BEGIN GIVEN INFORMATION

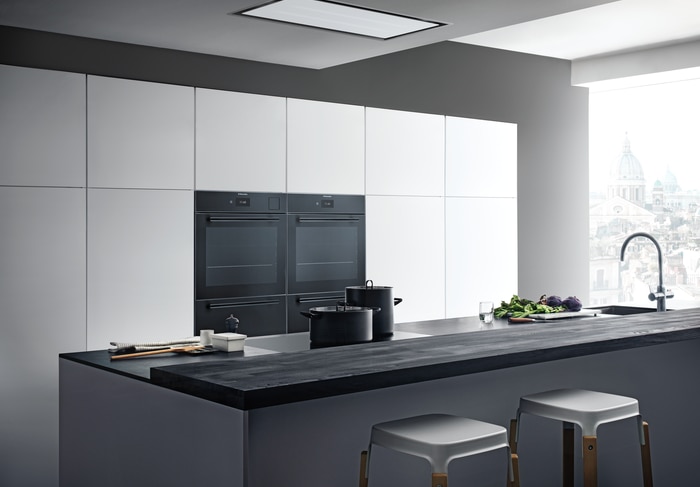 Sleek kitchen with integrated double ovens and a built-in cooktop.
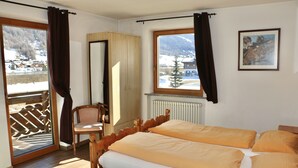 Una habitación con dos camas, una silla de madera, un ventanal con vistas a montañas nevadas y un radiador.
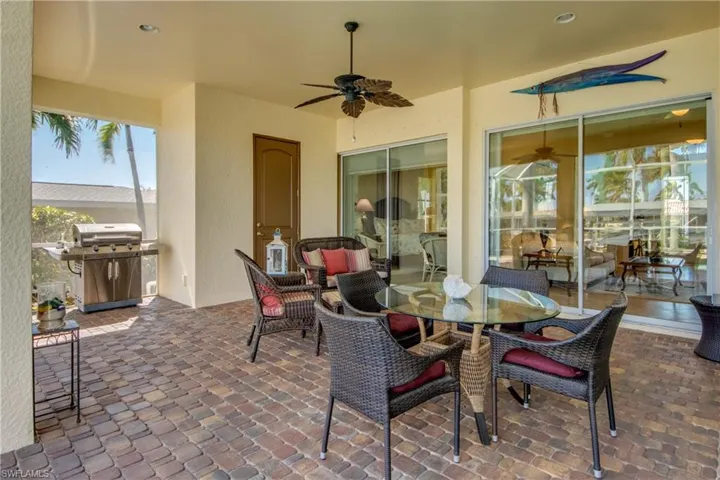 View of patio / terrace with a ceiling fan, area for grilling, and outdoor dining space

END GIVEN INFORMATION

▶ TRY IT
Set down the material above exactly as written, but not the pictures.

▶ ANSWER SPACE
 Sleek kitchen with integrated double ovens and a built-in cooktop.
 Una habitación con dos camas, una silla de madera, un ventanal con vistas a montañas nevadas y un radiador.
 View of patio / terrace with a ceiling fan, area for grilling, and outdoor dining space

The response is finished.